Versatile Workflow Manager
Project description
Motoko
Motoko is a workflow manager built on top of BlackDynamite, a Python-based tool for managing job submissions suited for HPC facilities in an automated and highly parallelized fashion.
Full documentation can be found on readthedocs
Installation
Install Motoko and dependencies:
pip install motoko
For installation in development mode:
pip install -e motoko_dir/
To run the local test workflow, do:
pytest
BlackDynamite Studies
More concretely, Motoko manages workflows of interconnected
BlackDynamite studies. A BlackDynamite study is a parametrized calculation
that is possibly run many times with different inputs.
BlackDynamite parameterizes a calculation using jobs and runs:
- A
jobis a calculation with a specific input. - A
runis an execution of a job. It carries metadata, the information needed to launch and track the calculation, and output quantities produced by the executable.

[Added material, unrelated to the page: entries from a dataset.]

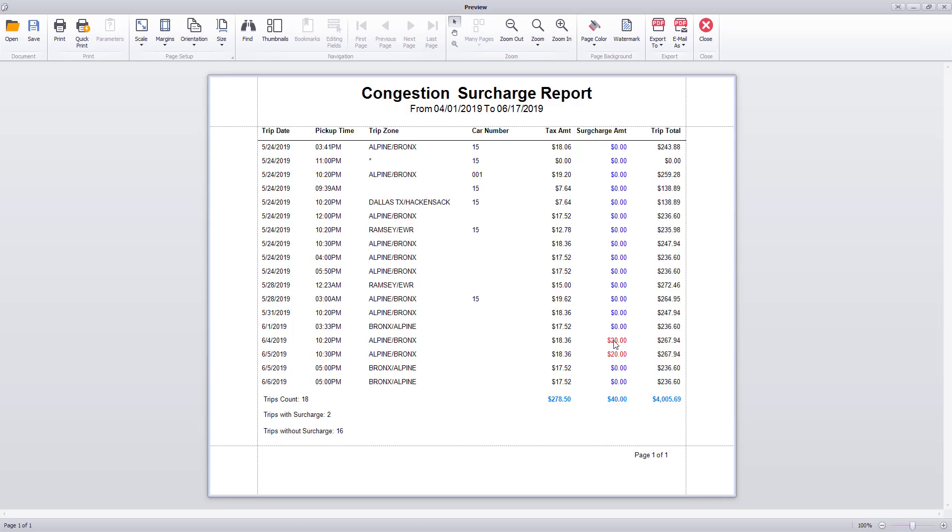Trips that have a surcharge will be colored red and on the left hand side you'll see the trip count for the report, trips with surcharge, and trips without surcharge.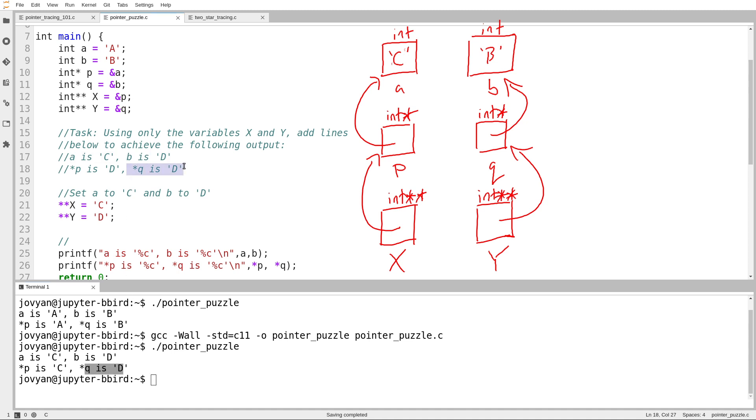But I want this: star P is D. Okay, so what you might have to observe here is that I can't just change the value of A, which is what P currently points to, to be the character uppercase D.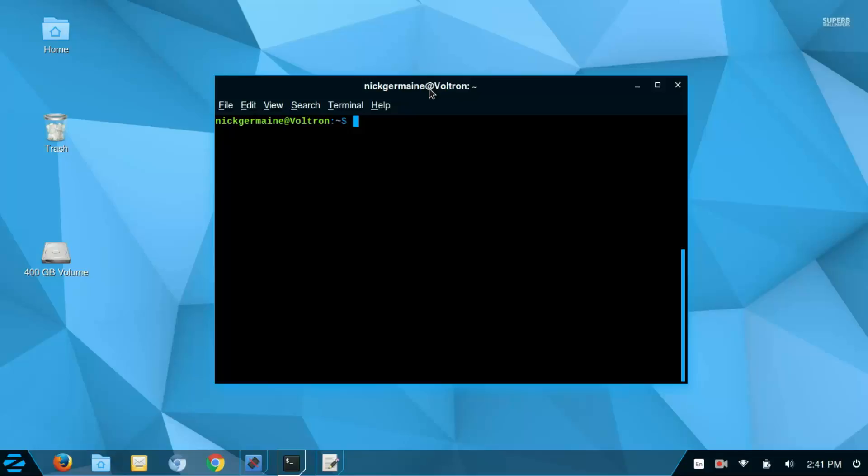Hey guys, we're about to talk about the traceroute command, what it does and why we use it, but first we need to install that program.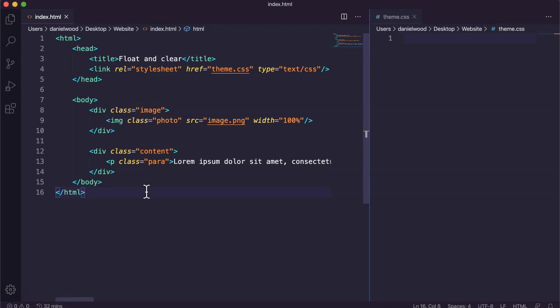In this tutorial we're going to look at the float and clear properties in CSS, which can be used to arrange content on a page.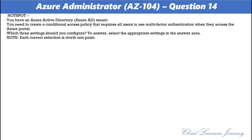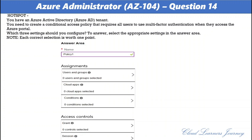Question number fourteen. You have an Azure Active Directory tenant. You need to create a conditional access policy that requires all users to use multi-factor authentication when they access the Azure portal. Which three settings should you configure? The correct settings are: under Assignments — users and groups, and cloud apps; under Access Controls — grant. Multi-factor authentication is a process where a user is prompted for additional forms of identification during a sign-in event, such as entering a code on their cell phone or providing a fingerprint scan. When you require a second form of identification, security is increased because this additional factor isn't easy for an attacker to obtain or duplicate.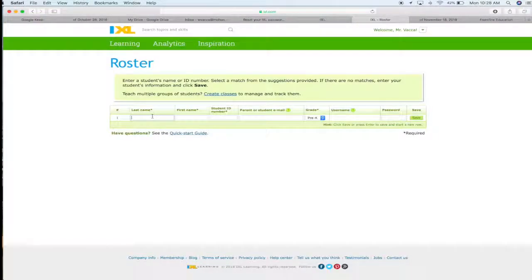Now what you want to do is search for your students in your class that you want to add to your roster by their last name.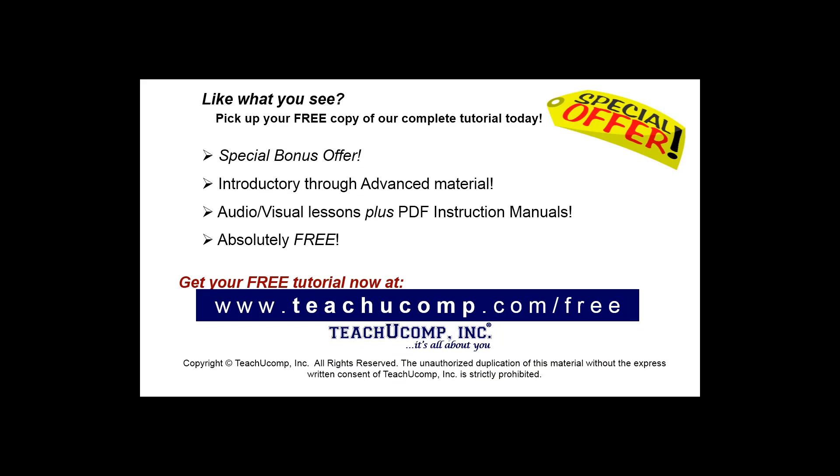Like what you see? Pick up your free copy of the complete tutorial at www.teachyoucomp.com forward slash free.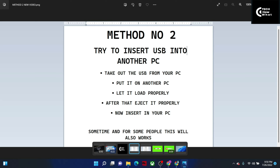As I mentioned, that was Method 1. If your problem is still not solved after that, please follow Method 2, in which we need to remove all USB devices from our PC.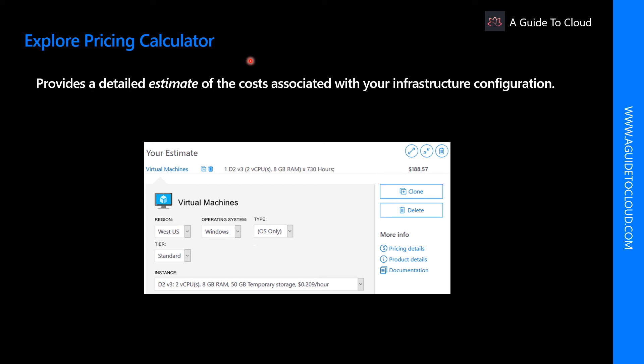The Pricing Calculator is a tool that helps you estimate the cost of Azure products. It displays Azure products in categories and you can choose the Azure products you need and configure them according to your specific requirements. Azure then provides a detailed estimate of the cost associated with your selections and configurations.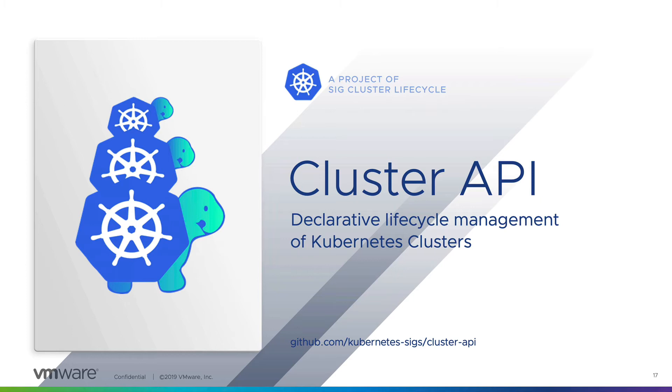It uses the same Kubernetes principles of using the declarative control loop to achieve a desired state and perform all the functions of create, scale, upgrade, and delete clusters themselves.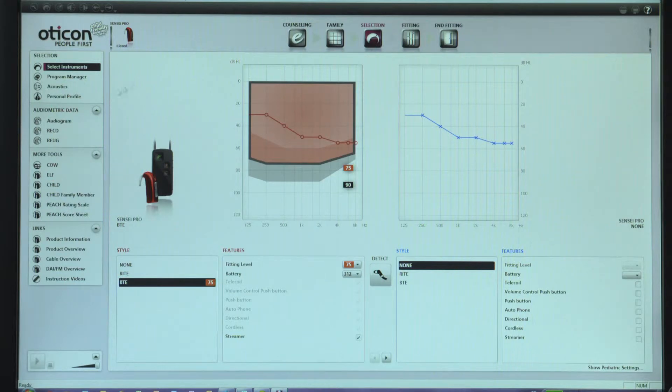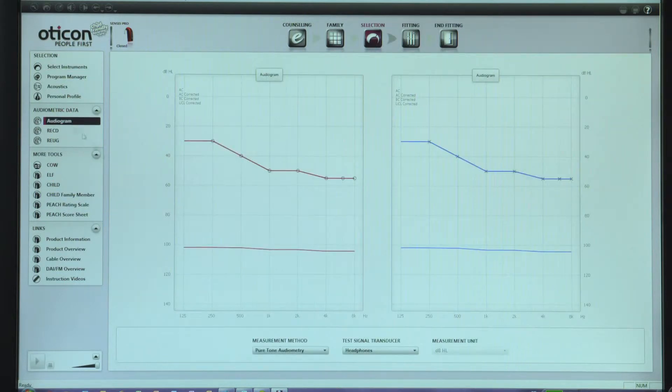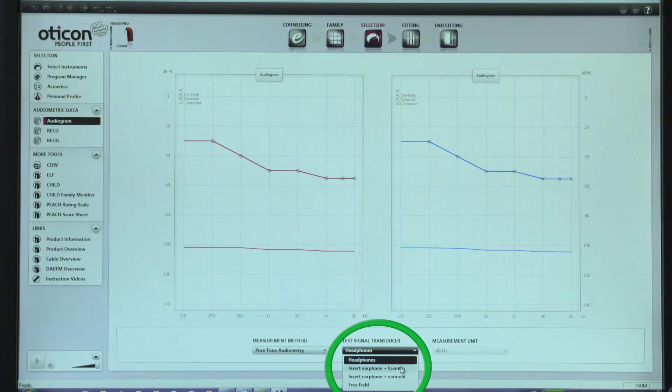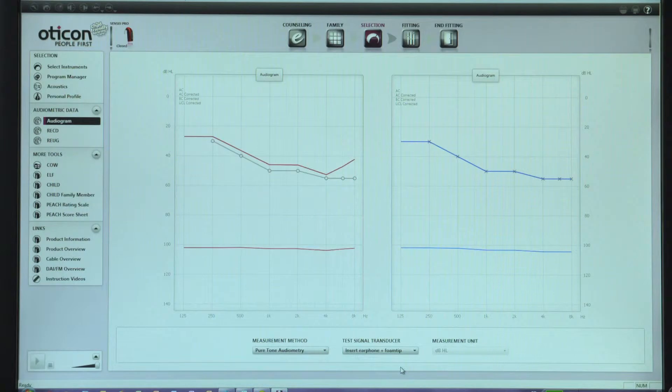Click on the audiogram screen in Gini and ensure that the choices selected reflect what was done during the audiometry. Also, ensure that the same transducers are selected in the Affinity software.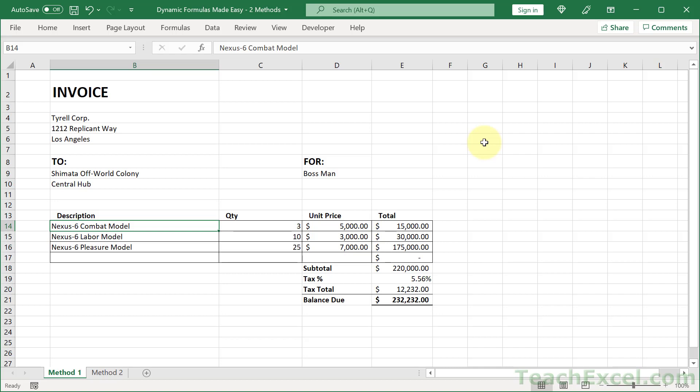Hi guys and welcome to this Excel tutorial. Here we're going to get back into formulas and I'm going to show you two ways to make dynamic formulas. I'm going to show you one that is really easy to use and then one that is a bit more interesting.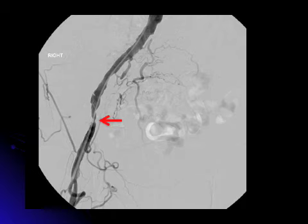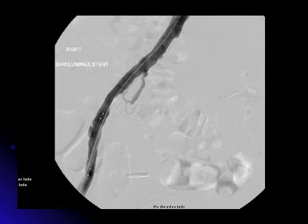An oblique view was obtained, and you can see that this is approximately 2 centimeters above the inguinal ligament. At this point, it was decided to place a stent in this region. An 8x40 Luminex stent was then placed with appropriate angioplasty. You can see the results here, showing excellent flow down the right side.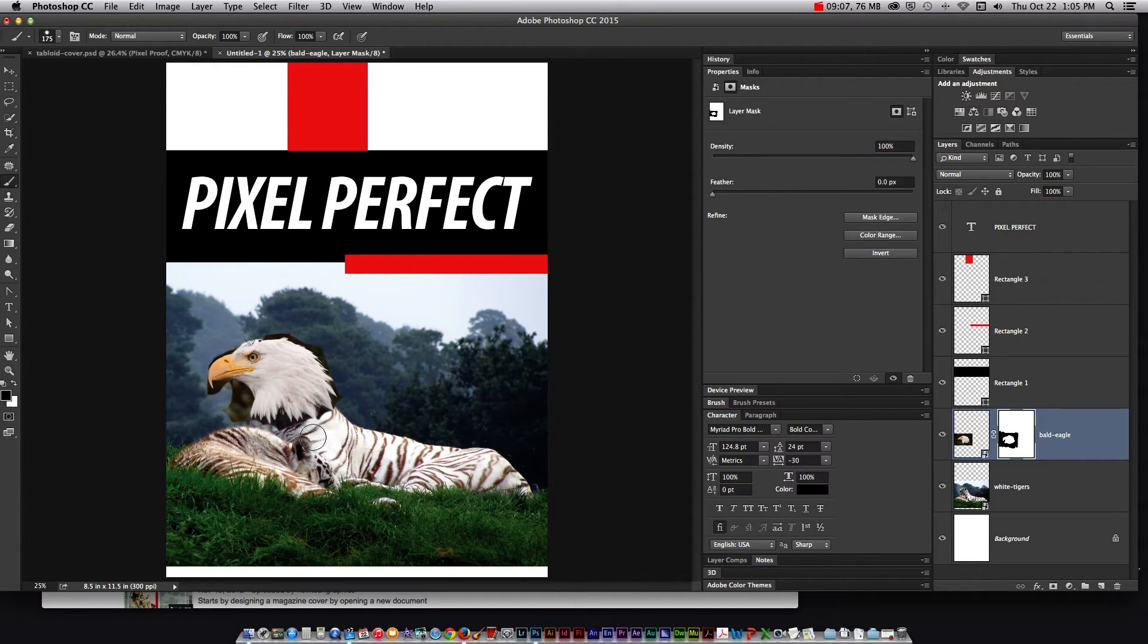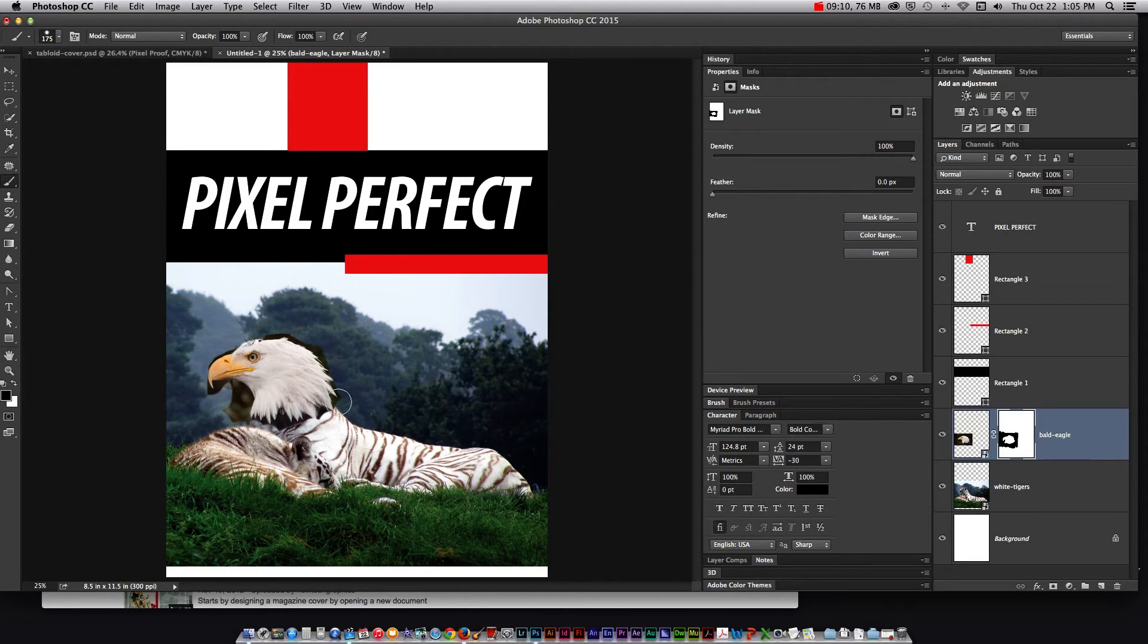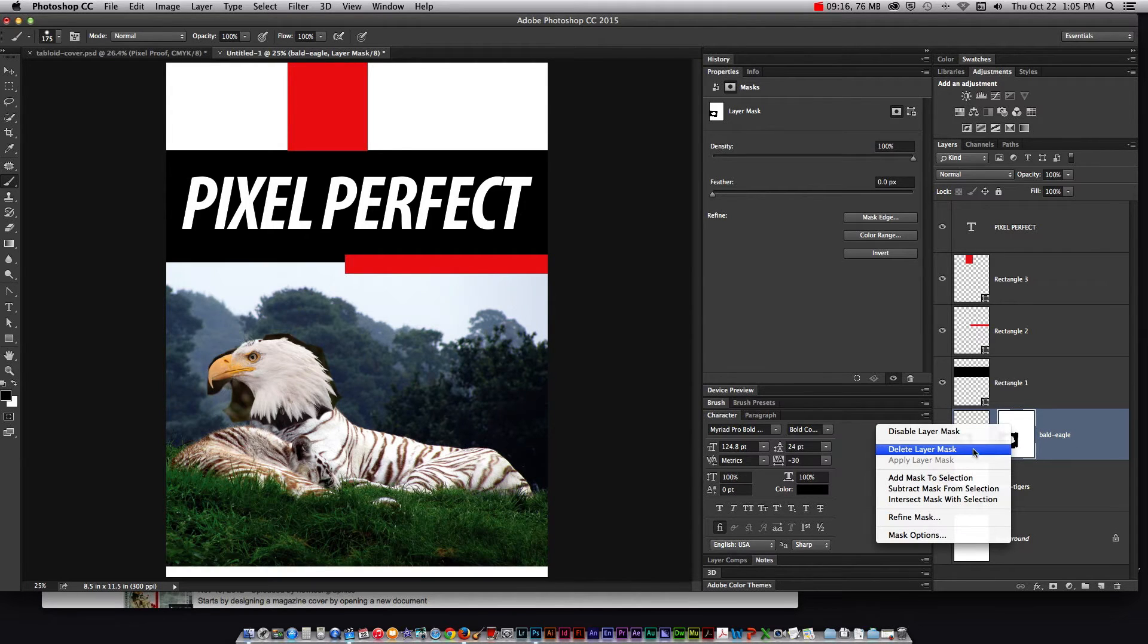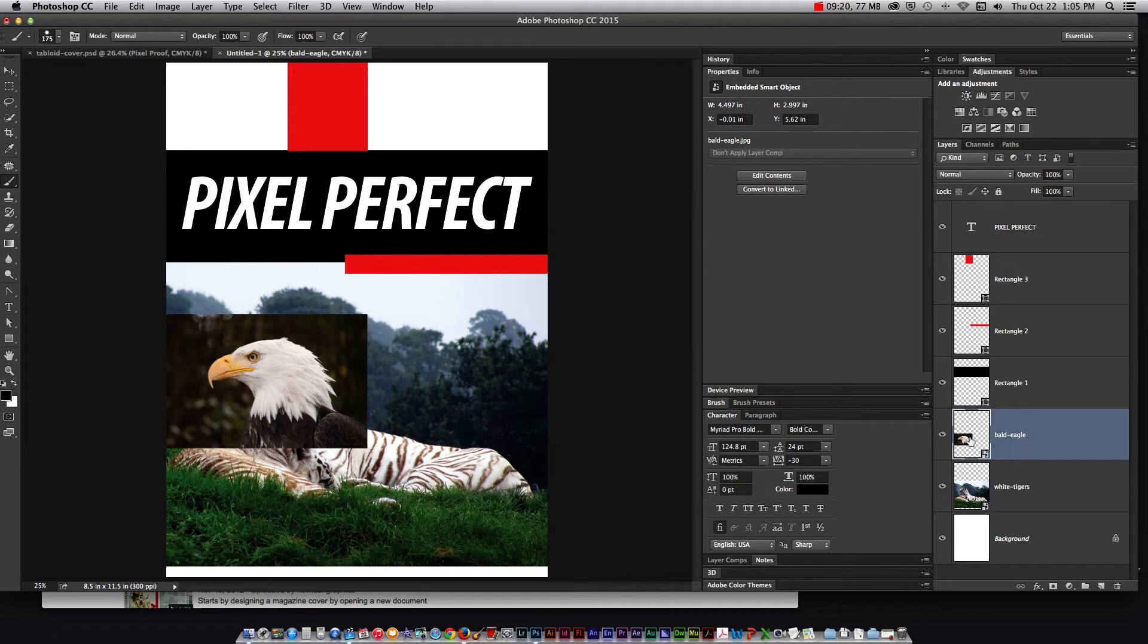Where that is a good deal is that when I come over here if I accidentally erase his beak all I need to do is flip back to white and paint it back in. Then I can go back again with black and try to refine it and get it right. Now this isn't the most efficient way to create a selection around the eagle's head but I just wanted to demonstrate the concept of a layer mask.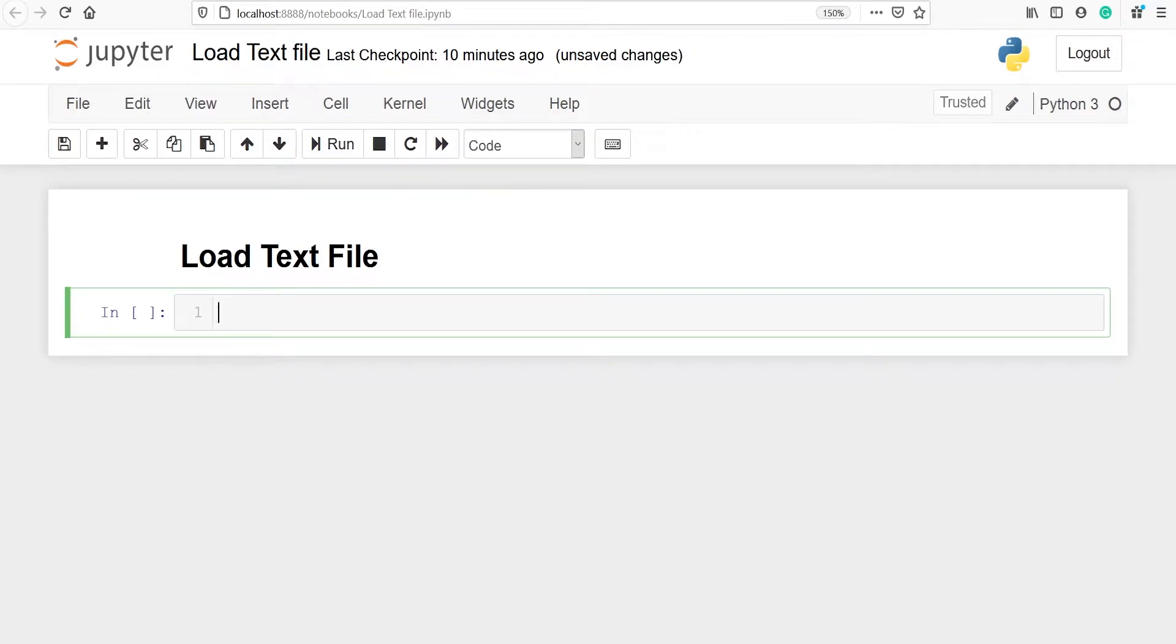In this video we will learn how to load a text file in pandas. Let's import pandas.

Several runs can belong to the same job, for example when the same input is repeated after a failure or evaluated with different software settings.
Key Concepts
Task Manager
A wrapper around one BlackDynamite study. A task is one pair of jobs and runs. The Motoko task manager creates such job/run pairs and can also select subsets of runs using constraints (e.g., selects only finished runs).
Workflow
The top-level object. It owns all task managers, and coordinates their creation and execution.
Orchestrator
A Python module attached to a Workflow. It registers asynchronous routines that the workflow executes following a dependency graph, or events triggering actions when a certain condition becomes true.
Workflow Directory Layout
A workflow directory contains motoko.yaml, an orchestrator Python file, and
one subdirectory per study:
workflow/
motoko.yaml
orchestrator.py
study1/
bd.yaml
launch.sh
doIt.py
study2/
bd.yaml
launch.sh
doIt.py
Each study directory contains three files: bd.yaml, containing information
about the parametric space; doIt.py, containing the code that runs the
calculations; and launch.sh, which launches doIt.py with a given job
submission manager (e.g. Slurm).
Once the workflow has been started, Motoko saves the workflow state in
workflow/.wf/. BlackDynamite saves each study's state in
workflow/study*/.bd/. Directories containing the produced output of each run
are stored in BD-study*-runs/.
motoko.yaml
motoko.yaml is the workflow input file. It declares the task-manager
directories and the Python function that will orchestrate them.
Minimal example:
task_managers:
task1:
task2:
orchestrator: orchestrator.main
Detailed example:
task_managers:
prepare:
solve:
host: zeo://cluster_name:8010
analyze:
aliases:
post: analyze
orchestrator: orchestrator.main
generator: slurmCoat
slurm_options:
- nodes=1
Fields:
task_managers: Required mapping. Each key is both the task-manager name and the relative directory name containing that task's BlackDynamite study. Empty values are allowed. A task manager may definehostto override the default local ZEO host.orchestrator: Required string inmodule.functionform. Motoko loadsmodule.pyfrom the workflow directory and callsfunction(workflow, **params).aliases: Optional mapping from alternative workflow attribute names to task-manager names. For example,post: analyzeallowsworkflow.postto access theanalyzetask manager.generator: Optional BlackDynamite launcher generator (bash, slurm, PBS).*_options: Optional launcher-specific option lists. Motoko derives the key from the generator name withgenerator.replace("Coat", "_options")and appends the listed values to the launcher command.
Python Orchestrator API
The orchestrator module usually exposes two functions:
from motoko.workflow import event
def populate_arg_parser(parser):
parser.add_argument("--inputs", "-i", type=float, required=True, nargs=2)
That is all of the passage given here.